[v2,net-next] net: generalize skb freeing deferral to per-cpu lists

From: Eric Dumazet <edumazet@google.com>

From: Eric Dumazet <edumazet@google.com>

Logic added in commit f35f821935d8 ("tcp: defer skb freeing after socket
lock is released") helped bulk TCP flows to move the cost of skbs
frees outside of critical section where socket lock was held.

But for RPC traffic, or hosts with RFS enabled, the solution is far from
being ideal.

For RPC traffic, recvmsg() has to return to user space right after
skb payload has been consumed, meaning that BH handler has no chance
to pick the skb before recvmsg() thread. This issue is more visible
with BIG TCP, as more RPC fit one skb.

For RFS, even if BH handler picks the skbs, they are still picked
from the cpu on which user thread is running.

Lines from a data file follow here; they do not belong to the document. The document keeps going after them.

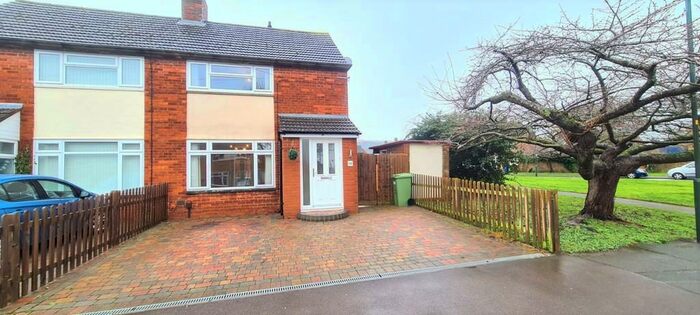 2 Bedroom Semi-Detached House To Rent In Linworth Road, GL52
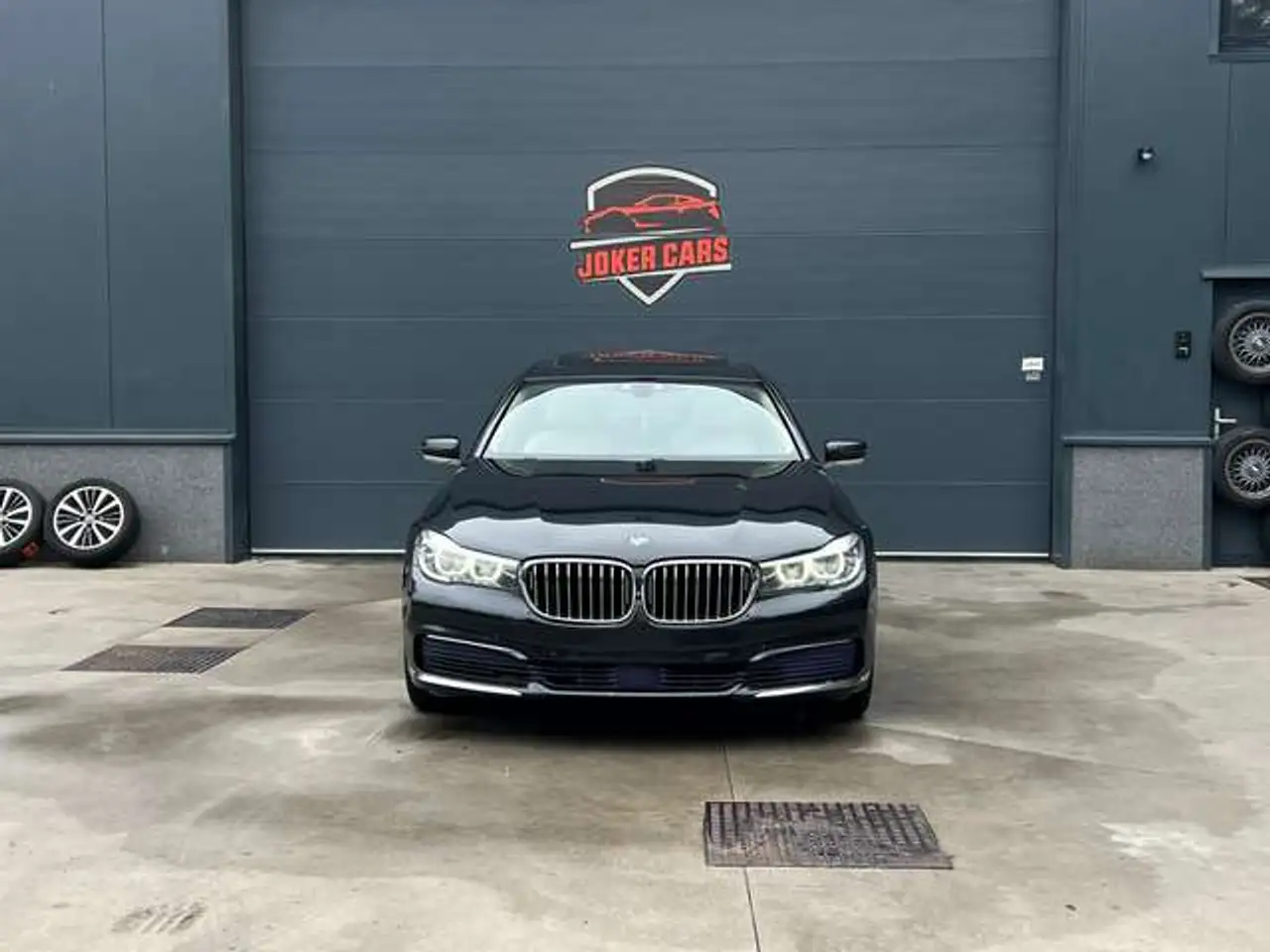BMW 750 Li Long V8 X-Drive 360° Massage — photo 1 of 30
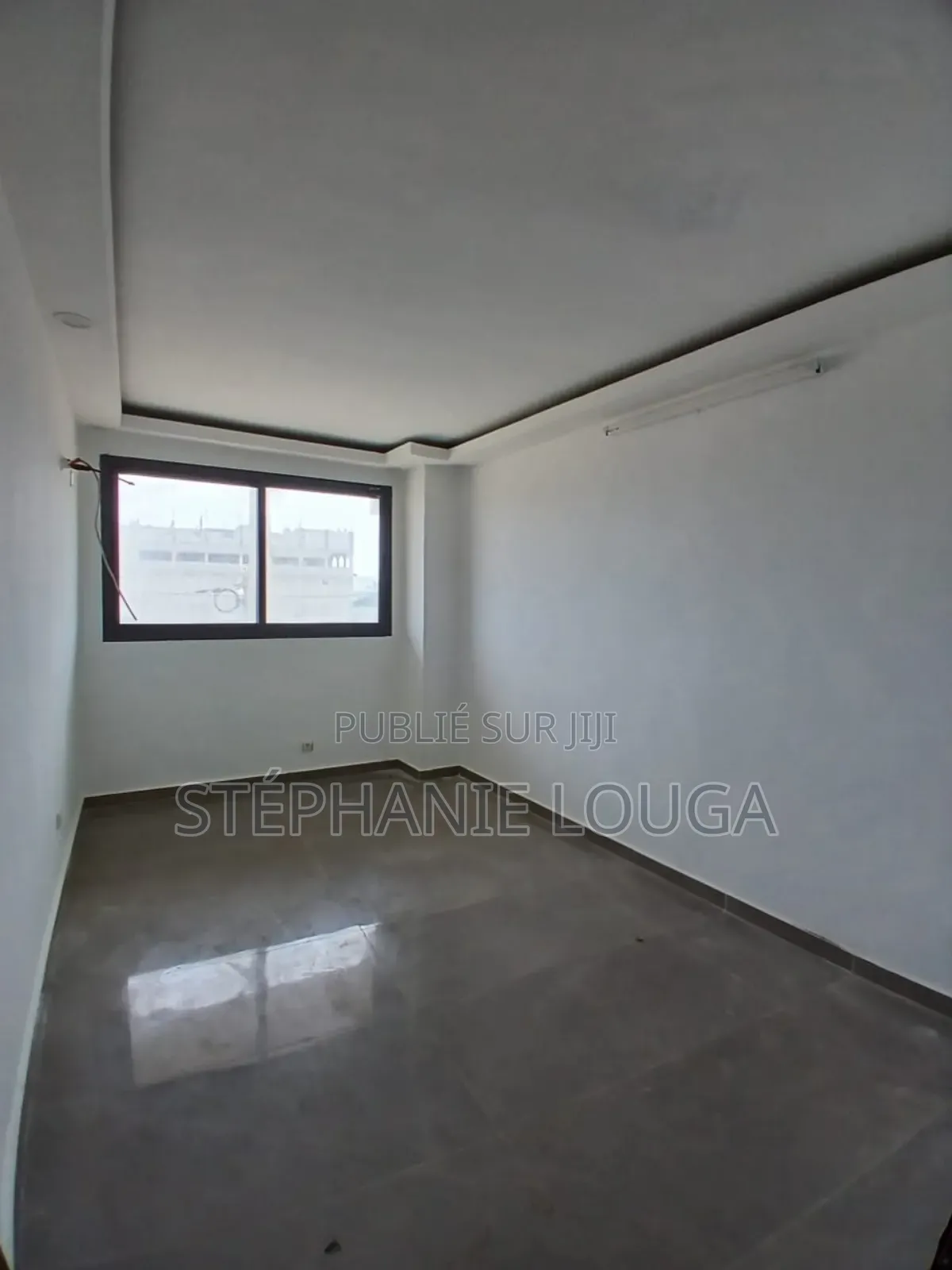 Location d'Un Magasin Spacieux À Grand Bassam Vision Future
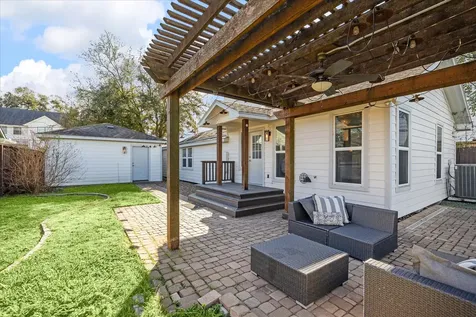 820 Kern Street Houston TX 77009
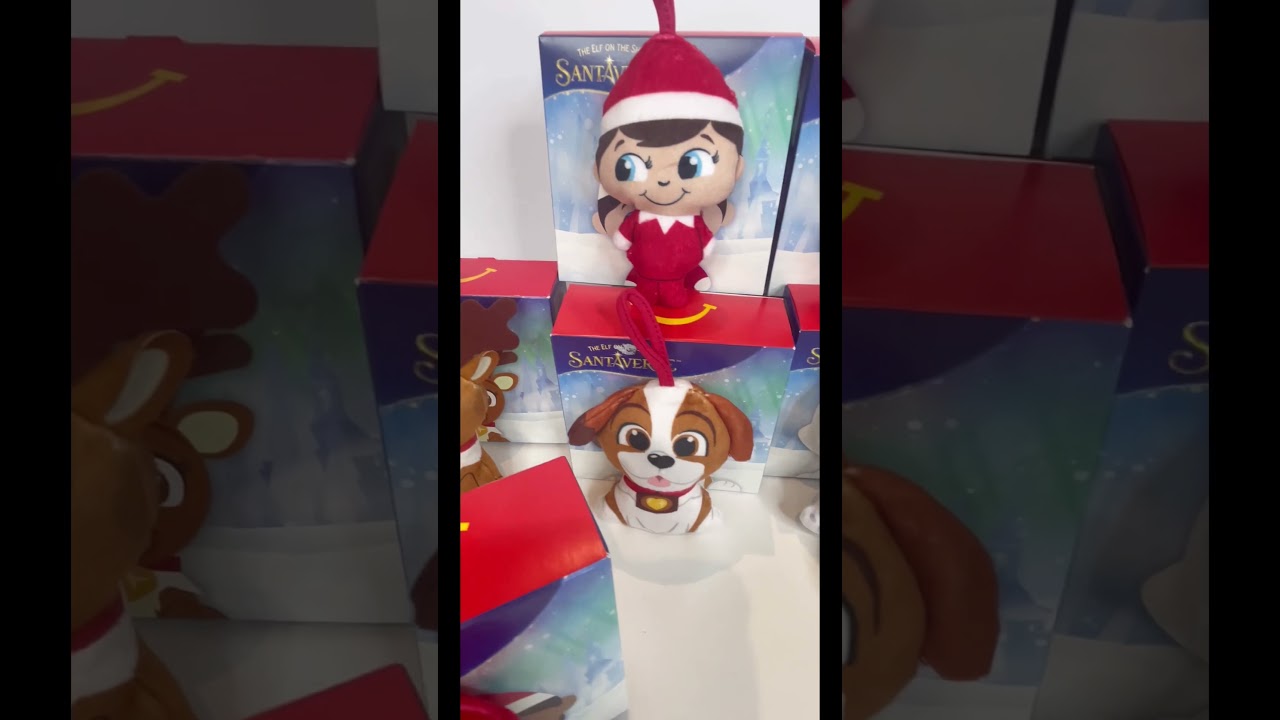 Распаковка набора McDonald’s Elf On The Shelf 2025: все 12 игрушек и книга в полном комплекте 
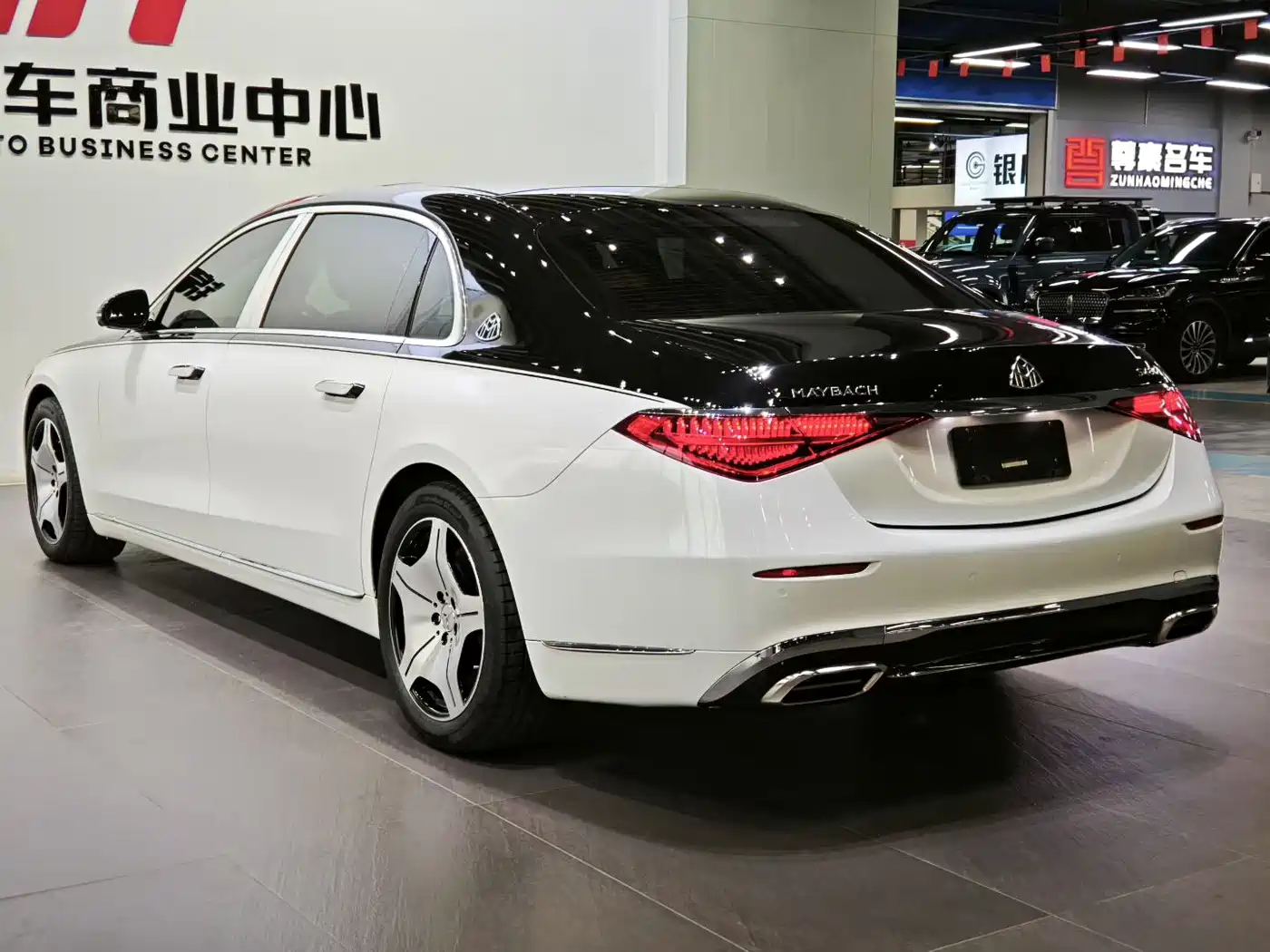 Mercedes-Benz Maybach S-Class 2022 S 480 4MATIC Intelligent Premium Special Edition фото 9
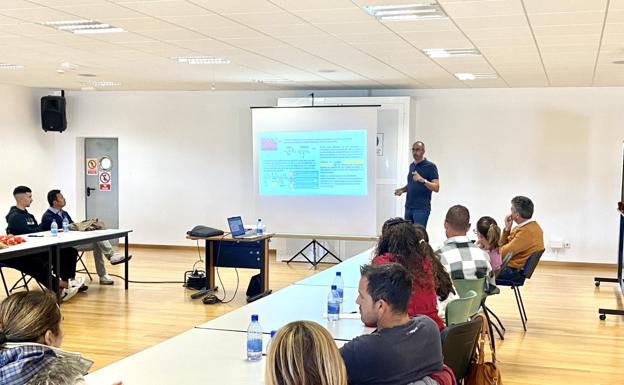 Helio Méndez dando formación a los alumnos. /C7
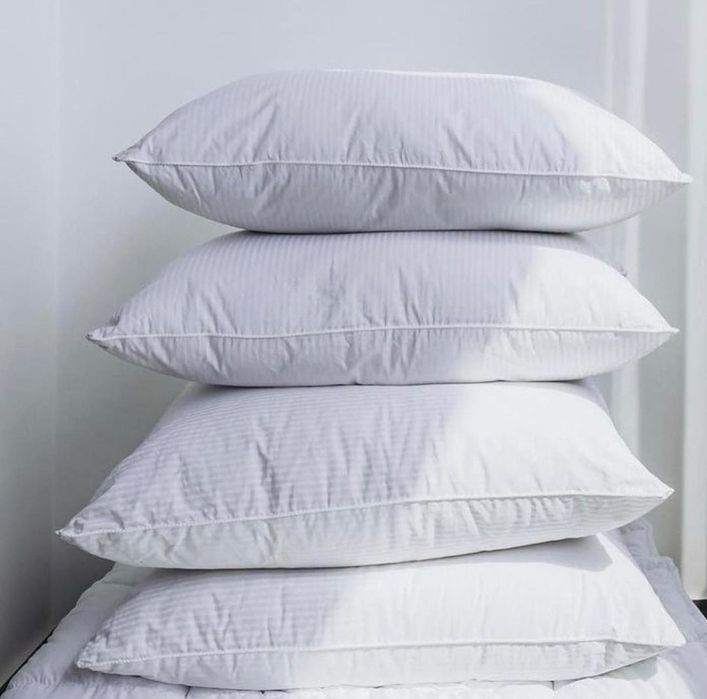 Подушки штучний лебяжий пух екопух ОДА. Подушки еко пух ОДА.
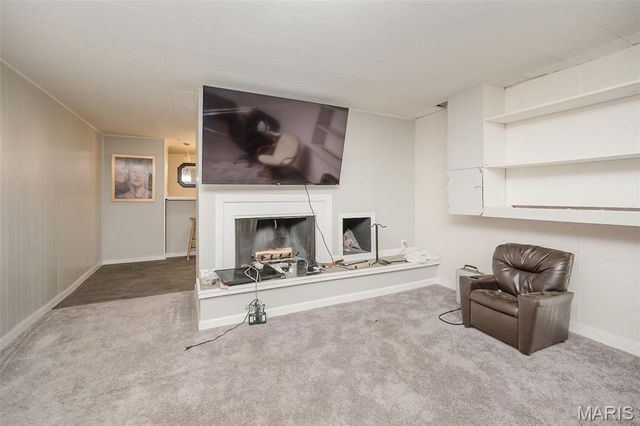 1610 Horseshoe Drive, Florissant, MO 63033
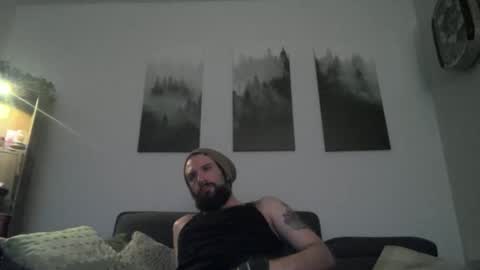 somedudewholikesass online show from March 19, 7:45 am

Ideally, it is better to free the skbs (and associated page frags)
on the cpu that originally allocated them.

This patch removes the per socket anchor (sk->defer_list) and
instead uses a per-cpu list, which will hold more skbs per round.

This new per-cpu list is drained at the end of net_action_rx(),
after incoming packets have been processed, to lower latencies.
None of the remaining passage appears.